Microtuning individual notes on A4

hi all

just doing some research to check if the A4 suits my needs before i buy it.

its probably a dumb question but ive scanned the manual and the forum and still cant see an obvious answer.

i want to know if i can fine-tune/micro-tune the pitch of each note in a scale?

or otherwise treat each note individually as an individual sound (without being limited to scales), and fine-tune each voice individually?

i know the A4 is super deep, so surely there must be detailed control over the pitch of each sound?

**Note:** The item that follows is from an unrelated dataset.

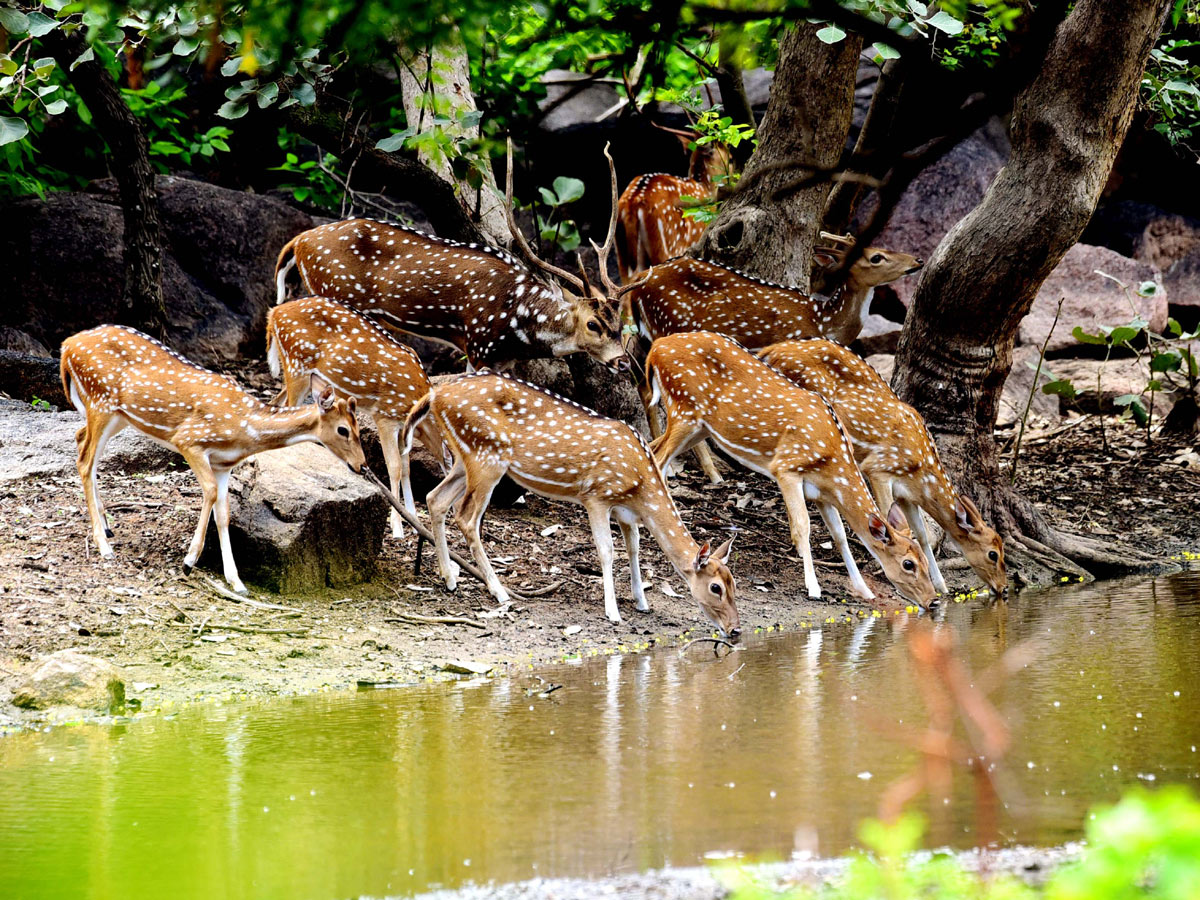 Shamirpet Deer Park Photos - Sakshi1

thanks for your time and headspace,

In a way, yes. You can use Parameter-Locks on each individual Trig, incl. Oscillator Tuning (and that is true for all Elektron Devices iirc).

However, you can’t (to my Knowledge) define a custom Scale (11 Tet, etc.). You would have to manually adjust each Note that differs from 12-Tet and then copy&paste it.

Which Synths did you find in your Research that allow for User-defined Scales?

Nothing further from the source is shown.